■ **Data provided**
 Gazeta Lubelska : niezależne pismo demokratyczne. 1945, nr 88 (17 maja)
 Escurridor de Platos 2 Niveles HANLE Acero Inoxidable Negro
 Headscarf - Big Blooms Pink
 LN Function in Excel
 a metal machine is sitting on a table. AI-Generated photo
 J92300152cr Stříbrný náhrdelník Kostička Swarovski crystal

---

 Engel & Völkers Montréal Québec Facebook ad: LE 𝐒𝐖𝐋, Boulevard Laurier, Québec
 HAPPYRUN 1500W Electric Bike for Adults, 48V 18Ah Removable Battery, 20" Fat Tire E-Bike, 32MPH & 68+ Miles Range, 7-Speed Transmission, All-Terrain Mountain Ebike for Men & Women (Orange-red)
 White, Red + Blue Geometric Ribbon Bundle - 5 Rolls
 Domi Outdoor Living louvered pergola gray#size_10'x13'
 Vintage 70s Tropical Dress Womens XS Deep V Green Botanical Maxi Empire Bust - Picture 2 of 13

==

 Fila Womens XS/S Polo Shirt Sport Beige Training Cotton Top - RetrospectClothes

■ **What the task requires**
Look above for the line with "White, Red +" and the line with "Vintage 70s Tropical", and reproduce exactly those two lines plus every line between, nothing more.

■ **Written response**
 White, Red + Blue Geometric Ribbon Bundle - 5 Rolls
 Domi Outdoor Living louvered pergola gray#size_10'x13'
 Vintage 70s Tropical Dress Womens XS Deep V Green Botanical Maxi Empire Bust - Picture 2 of 13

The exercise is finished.